In recent years, we have witnessed an insatiable thirst for computational power and better performance, especially from data scientists and analysts. To meet this demand, vendors have developed innovative tools and techniques. This innovation has enabled tremendous improvements across different levels of architecture such as databases design, application design, technology architecture and business architecture. In this article, we will discuss one of the key aspects of architecture design that is integration (or sync) strategies.

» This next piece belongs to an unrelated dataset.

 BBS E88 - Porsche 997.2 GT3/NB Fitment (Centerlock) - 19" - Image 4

Integrating data from multiple sources is very common in any organization, especially for the purposes of business intelligence in municipalities. Similarly, in GIS, it is frequently necessary to interface one’s system with external applications—not only for reporting or data analytics but for day-to-day operations as well. Although integrations are largely influenced by available software and tools within your current IT infrastructure, data sync strategies discussed in this blog remain relevant irrespective of the IT infrastructure and environment. These sync strategies can very well be applied when integration with third-party systems from ArcGIS Enterprise, from Cityworks to ERP systems, from ArcGIS Indoors to work management/asset management solutions or ArcGIS Roads and Highways with work management systems.

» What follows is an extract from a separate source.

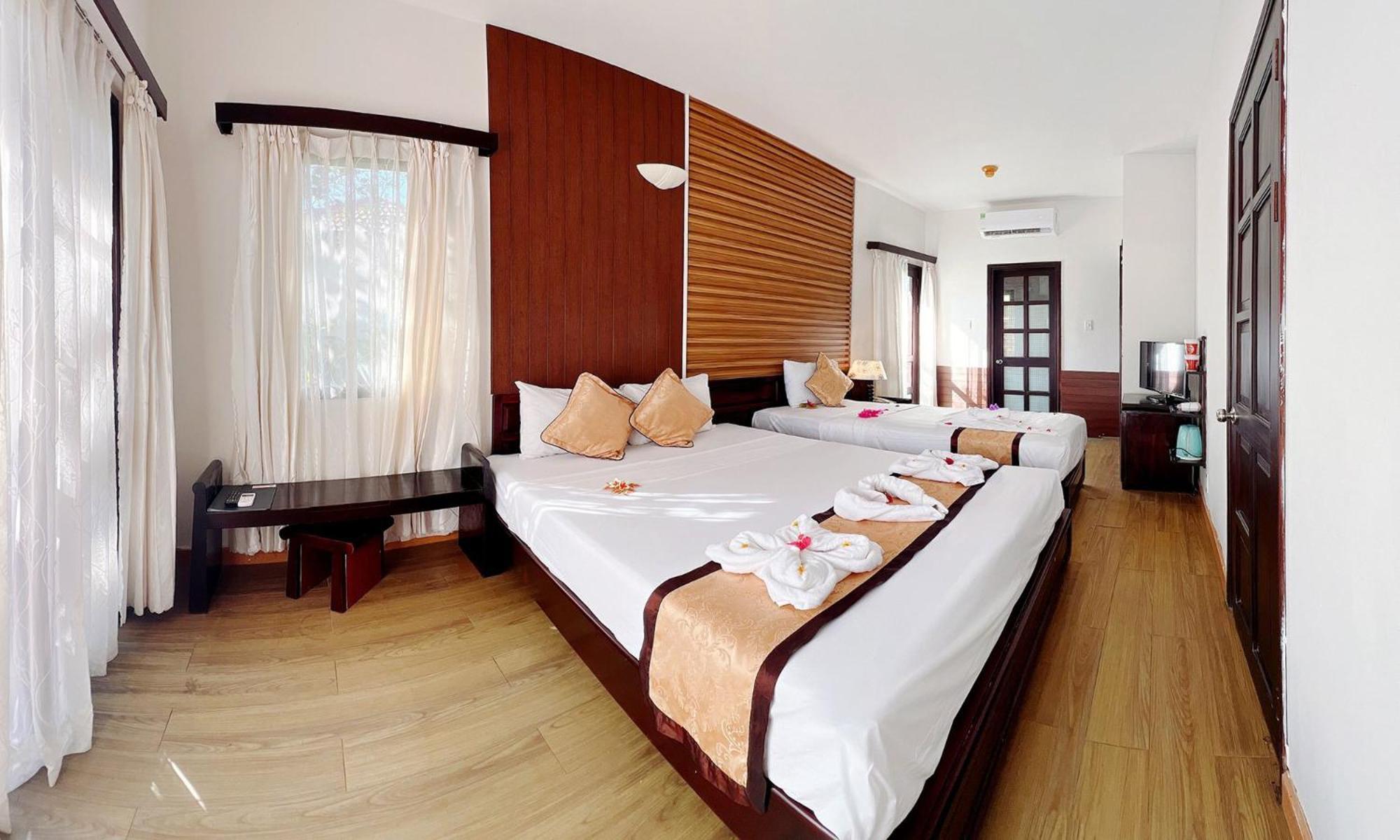 Malibu Resort Фантхьєт Екстер'єр фото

We will explore common sync strategies between applications, especially around the three main categories of integration with special focus on Cityworks and ArcGIS:
- One-way syncs
- Two-way syncs
- Real-time syncs
We will cover various techniques and methods in each category while remaining agnostic regarding software and tools for ETL—for example, syncing of records incrementally in one direction between Cityworks and other applications. The focus will be on the approach and strategy that realizes a functional requirement rather than diving into any specifics of any integration software. This first blog mainly covers two areas of Cityworks integration: Master data and Transaction data:
- Data coming into Cityworks through integration with Payroll data such as an “Employee” Master data
- Data going out of Cityworks, such as Labour Costs integration with Payroll or Equipment Costs integration with Finance
Cityworks has been successfully integrated with financial systems including Agresso UNIT4, JD Edwards, Microsoft Great Plains Dynamics, Microsoft Navision, Oracle PeopleSoft, SAP, SmartStream, Bellamy, Kronos and many other systems to track resource costs such as labour/payroll transactions, material inventory transactions, equipment costs and contractor costs, etc. Integration enables the organization to identify cost recovery from external chargeable or internal recoverable work against their tangible (and intangible) capital assets. It also permits the tracking of resource costing within the Operations solution as a Sub Ledger and to the ERP General Ledger. This functionality allows municipal staff to identify asset ownership costs and manage budget information to the required levels as well as provide a summarized budget.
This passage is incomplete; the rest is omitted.